### Handling Missing Values
<ul>
    <li>Dropping Columns</li>
    <li>Dropping Rows</li>
    <li>Various Parameter in Dropping Functionalities</li>
    <li>Handling Missing values by Mean, Median and Mode</li>
</ul>

In [14]:
from pyspark.sql import SparkSession
spark = SparkSession.builder.master('local[1]').appName('SparkPractice').getOrCreate()

In [15]:
data = spark.read.csv('test2.csv', header=True, inferSchema=True)

In [16]:
data.show(n=10)

+--------+----+-------+-------+
|    Name| Age|Address| Salary|
+--------+----+-------+-------+
|     Jay|  23|  Ajmer|  32000|
|  Manish|  19| Jaipur|  36450|
|    Oman|  11|  Ajmer|  61700|
|    Yuzi|  30|  Noida|  78200|
|Virendra|null|  Ajmer|  83000|
|   Viraj|  25| Mumbai|1012000|
|Shrijesh|  22|   null|  43230|
|  Ganesh|null|   null|  21000|
|Amrindra|  32| Panjab|   null|
|  Amisha|  23| Jaipur|  45010|
+--------+----+-------+-------+



In [17]:
### drop columns
data.drop('Address').show(n=3)

+------+---+------+
|  Name|Age|Salary|
+------+---+------+
|   Jay| 23| 32000|
|Manish| 19| 36450|
|  Oman| 11| 61700|
+------+---+------+
only showing top 3 rows



In [20]:
# drop null rows if any
data.dropna(how='any').show()

+------+---+-------+-------+
|  Name|Age|Address| Salary|
+------+---+-------+-------+
|   Jay| 23|  Ajmer|  32000|
|Manish| 19| Jaipur|  36450|
|  Oman| 11|  Ajmer|  61700|
|  Yuzi| 30|  Noida|  78200|
| Viraj| 25| Mumbai|1012000|
|Amisha| 23| Jaipur|  45010|
+------+---+-------+-------+



In [21]:
# drop rows if all null values
data.dropna(how='all').show()

+--------+----+-------+-------+
|    Name| Age|Address| Salary|
+--------+----+-------+-------+
|     Jay|  23|  Ajmer|  32000|
|  Manish|  19| Jaipur|  36450|
|    Oman|  11|  Ajmer|  61700|
|    Yuzi|  30|  Noida|  78200|
|Virendra|null|  Ajmer|  83000|
|   Viraj|  25| Mumbai|1012000|
|Shrijesh|  22|   null|  43230|
|  Ganesh|null|   null|  21000|
|Amrindra|  32| Panjab|   null|
|  Amisha|  23| Jaipur|  45010|
+--------+----+-------+-------+



In [23]:
### threshold in dropping (thresh=3 means atleast 3 non-null values then not drop)
data.dropna(thresh=3).show()

+--------+----+-------+-------+
|    Name| Age|Address| Salary|
+--------+----+-------+-------+
|     Jay|  23|  Ajmer|  32000|
|  Manish|  19| Jaipur|  36450|
|    Oman|  11|  Ajmer|  61700|
|    Yuzi|  30|  Noida|  78200|
|Virendra|null|  Ajmer|  83000|
|   Viraj|  25| Mumbai|1012000|
|Shrijesh|  22|   null|  43230|
|Amrindra|  32| Panjab|   null|
|  Amisha|  23| Jaipur|  45010|
+--------+----+-------+-------+



In [24]:
### Subset
data.dropna(how='any', subset=['Age']).show()
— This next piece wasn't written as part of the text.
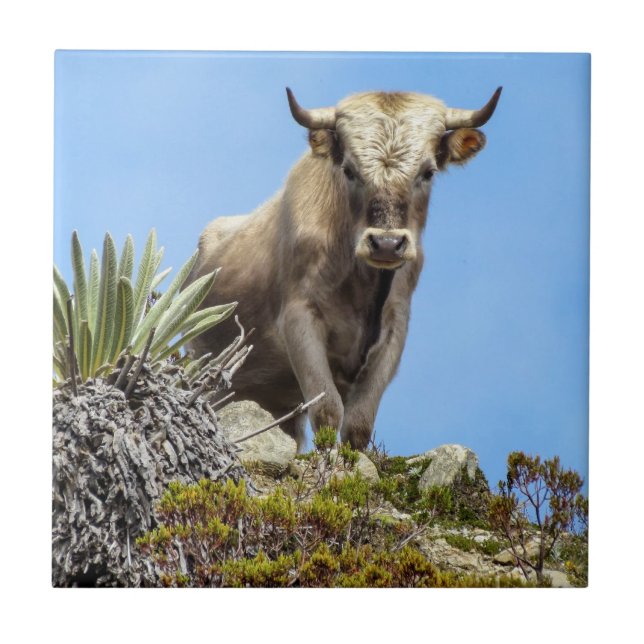 Charolais-tjur Kakelplatta (Framsidan)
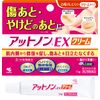 [2nd-Class OTC Drug] Attonon EX Cream 15g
+--------+---+-------+-------+
|    Name|Age|Address| Salary|
+--------+---+-------+-------+
|     Jay| 23|  Ajmer|  32000|
|  Manish| 19| Jaipur|  36450|
|    Oman| 11|  Ajmer|  61700|
|    Yuzi| 30|  Noida|  78200|
|   Viraj| 25| Mumbai|1012000|
|Shrijesh| 22|   null|  43230|
|Amrindra| 32| Panjab|   null|
|  Amisha| 23| Jaipur|  45010|
+--------+---+-------+-------+



In [29]:
### Filling missing values
data.fillna({'Age': 0, 'Address': 'Unknown', 'Salary': -1}).show()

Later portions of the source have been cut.